Dimitar Kirov - or Di Kiro - is part of the generation of Plovdiv artists who graduated from Monumental and Decorative Painting in the late 1950s at the Art Academy. The "Plovdiv generation" of the 60s is part of the young wave of Bulgarian painters, who are changing the more academic style of the previous years, and some of them are famous for their monumental works. Many of them are related to the history of Bulgaria and, in particular, Plovdiv and the region. Freer as a theme is one of Dimitar Kirov's early public works - a panel at the beginning of today's Krikor Azaryan (formerly Pernik) Street of a chariot with four horses.

 

Two more of his panels can be seen at the beginning of the Old Town down Saborna Street. They are located on one of the AMTI buildings near the Tunnel and were painted in the early 70s. The theme is historical again - one of Di Kiro's panels relates to Zachary Zograf, his works and church painting. Thus, in addition to reproducing one of the self-portraits of the Revival painter, Di Kiro shows us Christiania, and also Adam and Eve in the lower right corner (which, in practice, means a naked woman in public art, though quite naively drawn).

The neighboring work is related to the development of music. At the center of the sgraffitois Orpheus, but the theme is not only historical - there are contemporary pianists and cellists under it. A little later than the first works, these panels were already more colorful, more boldly developed.

A third panel, part of the same group of buildings, but far less invisible on the usual walk, has "landed" over the house of the Encho Pironkov Museum Exhibition. The panel looks north and is actually very difficult to see from Old Plovdiv itself, and much easier on the other side of the boulevard - but also much further. The theme is related to history and archeology - depicting a typical Thracian art rider, as well as a bullhead and a caryatid.

The works of Georgi “The Elephant” Bozhilov

Georgi “The Elephant” Bozhilov is a part of the mentioned "Generation of the 60s of Plovdiv", and he also graduated "Monumental Art" under Prof. Georgi Bogdanov. His mosaic is in the Post Office, and in Ancient Plovdiv he is the author of a panel just below the City Art Gallery and next to the Civic Club Restaurant. It is also a historical topic - no longer specific to the Plovdiv region but national. The sgraffito represents the baptism and creation of the alphabet by the holy brothers Cyril and Methodius.

In 1968 he created the large sgraffito wall, which all tourists in the Old Town know perfectly: on "Hristo G. Danov" at the beginning of Saborna Street, next to the Church of the Assumption.
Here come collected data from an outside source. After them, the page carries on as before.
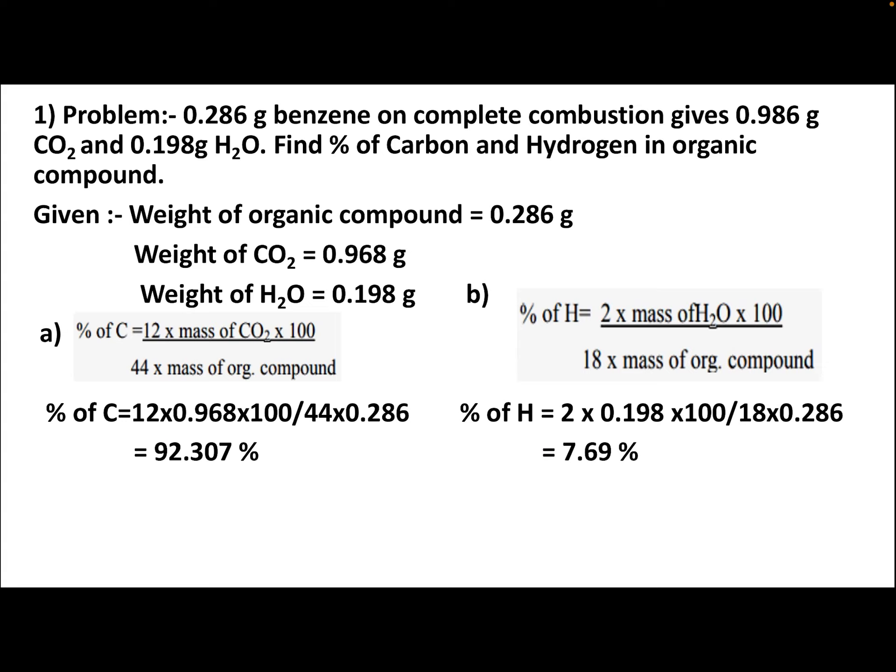Problem: 0.286 grams of an organic compound on complete combustion gives 0.968 grams of CO₂ and 0.198 grams of H₂O. Find the percentage of carbon and hydrogen. Given: weight of compound = 0.286 g, weight of CO₂ = 0.968 g, weight of H₂O = 0.198 g. Applying the formula: % C = (12 × 0.968 × 100) / (44 × 0.286) = 92.307%.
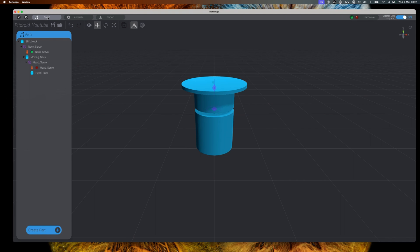In this video we will take the Botango model of our pit droid that we built in the previous videos and that we connected to the real world with real servos, and we will add animations so that our droid starts moving all by himself.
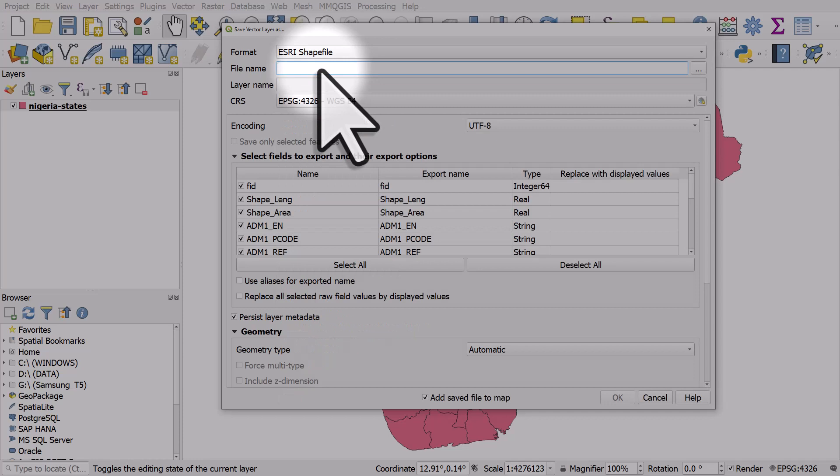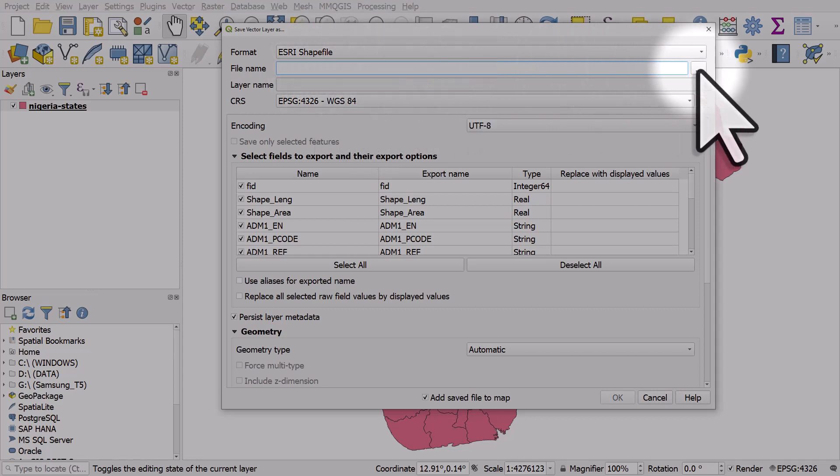If you just type in here then QGIS may not be able to save to that location, so always click on the little browse button to choose where you save your file to.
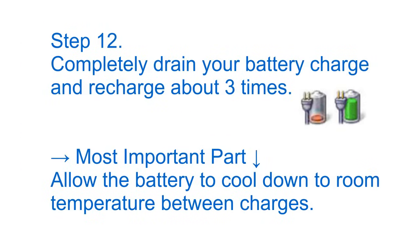Step 12: completely drain your battery charge and recharge about three times. This is the most important part right here. Allow battery to cool down to room temperature between charges.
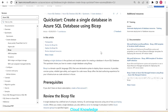Hello and welcome to the channel Cloud Knowledge. Today in this video we are going to create a single database in Azure SQL Database using Bicep. Bicep is a domain-specific language (DSL) that uses declarative syntax to deploy Azure resources. It provides concise syntax, reliable type safety, and support for code reuse.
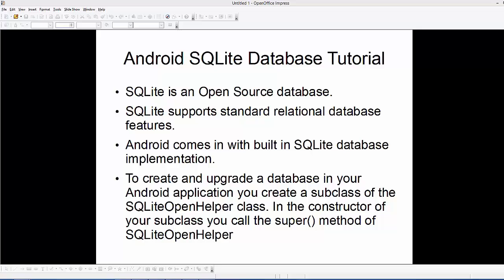Hello guys, welcome to the first video on Android SQLite database tutorial for beginners. In this video series, I'm going to show you how you can get started with SQLite using Android. We will look at how we can create a database and perform some database queries like insertion, updation, deletion, and other basic queries on SQLite database using Android. Let's get started and see some important stuff regarding SQLite on Android.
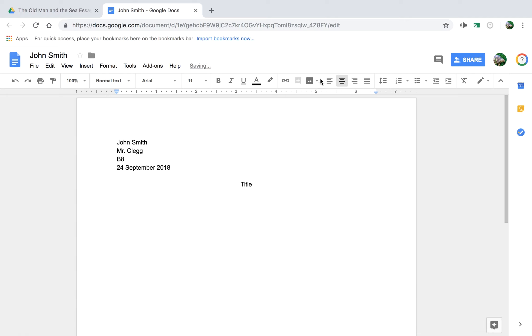Okay, then left justify the text, click tab to indent, and the essay will start here. Okay, in a minute.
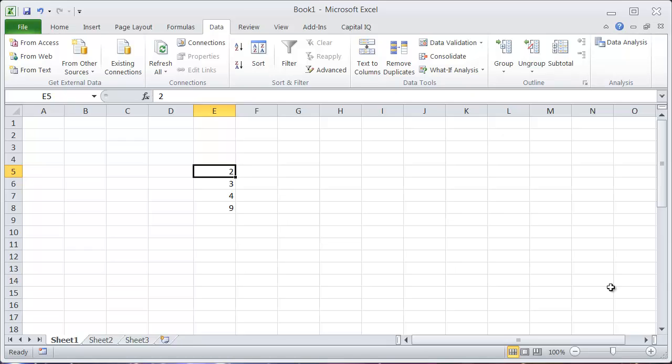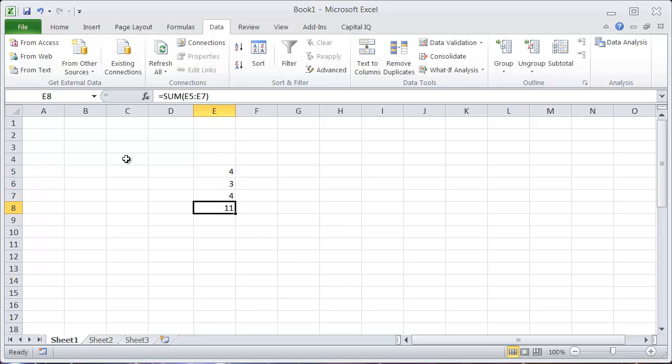then if I come in here and change this 2 to a 4, it's going to recalculate this sum automatically as well as everything else in the worksheet.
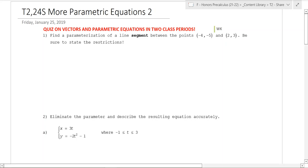Hello and welcome to T2, Day 24 of Honors Pre-Calculus. We will continue our journey through the world of parametric equations.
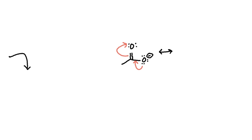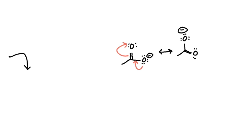We use our double arrows to show these are resonant structures. And now this oxygen has three lone pairs and a negative charge, and we've switched the carbonyl to the other oxygen.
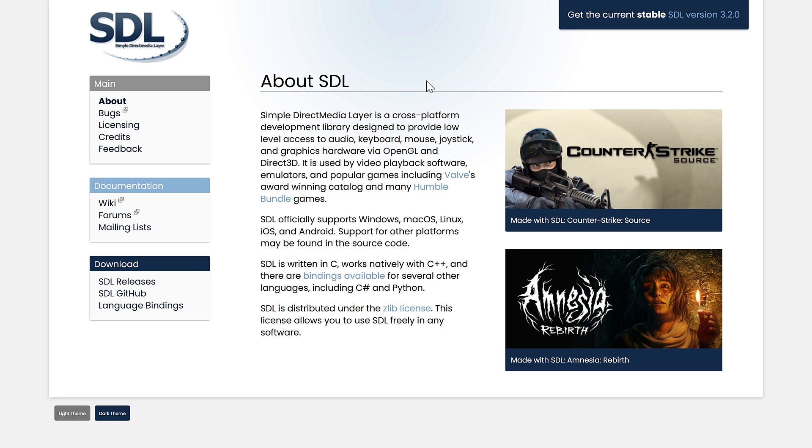Now, SDL 3 is the future generation of it, and where it gets a little confusing is it's technically SDL 3.2 that was just released, which is the first released version of SDL 3. Don't ask me to explain. I can't.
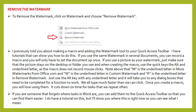Remove the watermark: to remove the watermark, click on the watermark and choose remove watermark. Of course, if your document is a draft document and it becomes final, you're eventually going to want to take that watermark out and that's how you will do that. I previously told you about making a macro and adding the watermark tool to your quick access toolbar. I have tutorials that can show you how to do this. If you use the same watermark in several documents, you can record a macro and you will only have to set the document up once.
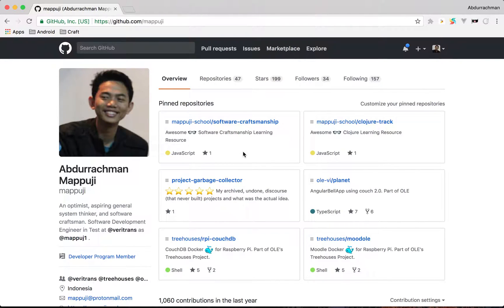Welcome back to my video. I'm Mapuji. I will guide you in this video on how to install and set up Redis in a Kubernetes cluster.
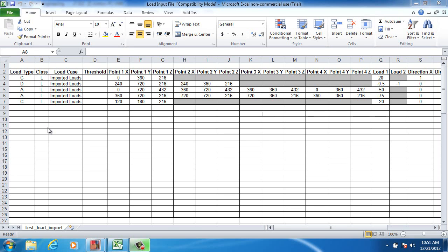This video will feature importing loads from a spreadsheet. This feature is useful for industrial structures where you can obtain loading information from equipment manufacturers or results from a pipe stress analysis in the form of a spreadsheet.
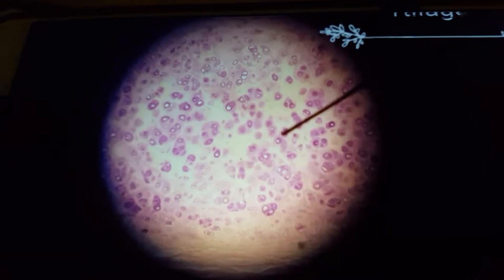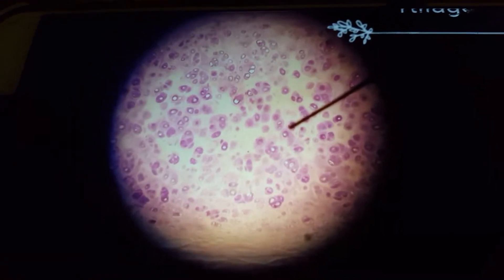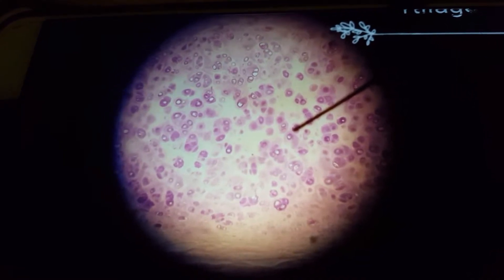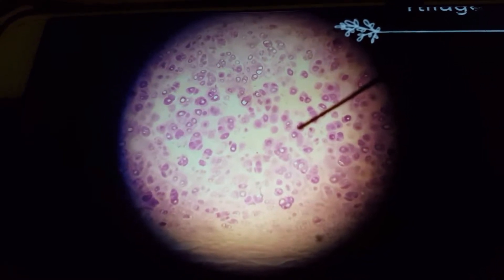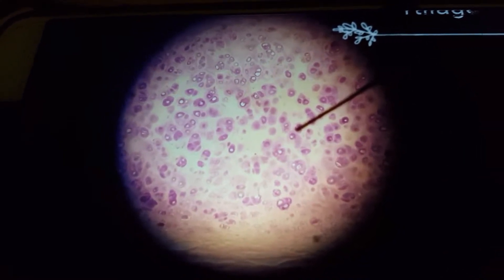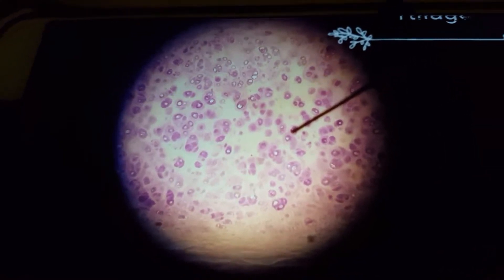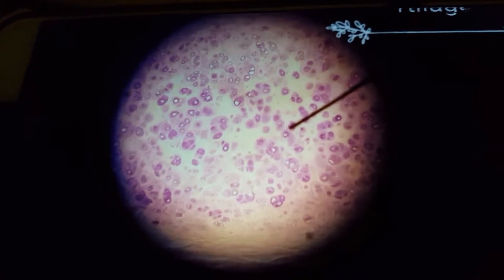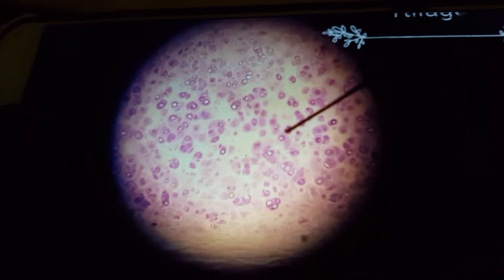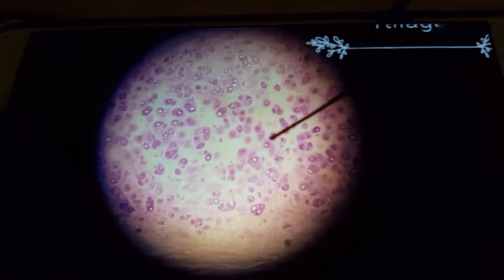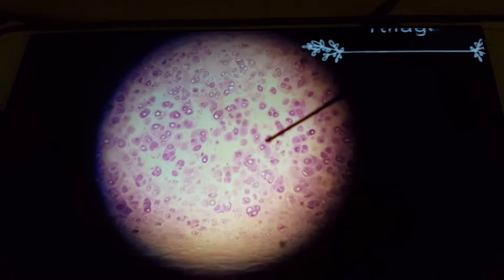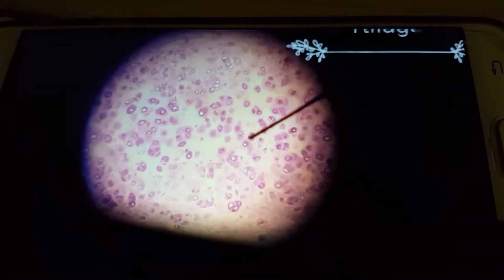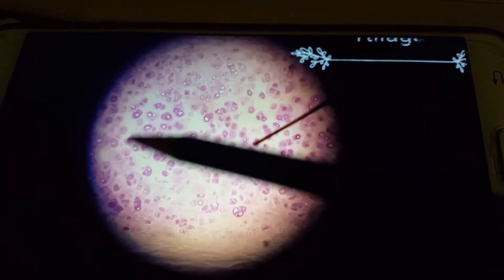Hi guys, today I'm going to do a video on hyaline cartilage. Previously in the histological slide series I did a video on fibrocartilage, so please do watch it before you start comparing both of them.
The much bigger 10x13 meters large work is directly related to the place - next door is the house, and to this day - the museum of the legendary Plovdiv publisher.

Abstract sgraffito of Ivan Kirkov

The Asenovgrad citizen associated with Plovdiv, Ivan Kirkov, also left his imprint with a monumental work in the City under the hills. His is the sgraffito of the party wall of a house on Nebet Tepe - one of the few fully abstract works in this genre.

Stone reliefs around the Tunnel

Most unknown, perhaps, remain the stone reliefs around the Tunnel. Only the few pedestrians passing through the busy boulevard may have been paying attention to them - hardly any driver looked at them, and we don't recommend it.

Anastasia Kmetova has a project for the largest of them, located to the left at the south entrance of the Tunnel. In the same place there is a relief, different from the one saved in the project, but probably the author is the same. Between the inscriptions Hebros and Thrace,there is a depiction of the region of Plovdiv with personification of the river, wheat and grape classes and animals. A number of other smaller stones depict other reliefs related to the history of Thrace and the Thracians - the sacred double ax; Orpheus and the animals that listen to him; Thracian horseman and others.

There are also several reliefs on the north side - from the Old Town. Two of them are inspired, most probably by coins discovered during archaeological excavations - with a profile of Philip of Macedon and a "landscape" of Plovdiv with the famous but unsaved temple that rose above the city during Antiquity. A cornerstone with a lion and a key is also interestingly developed, which, however, remains today mostly under vegetation.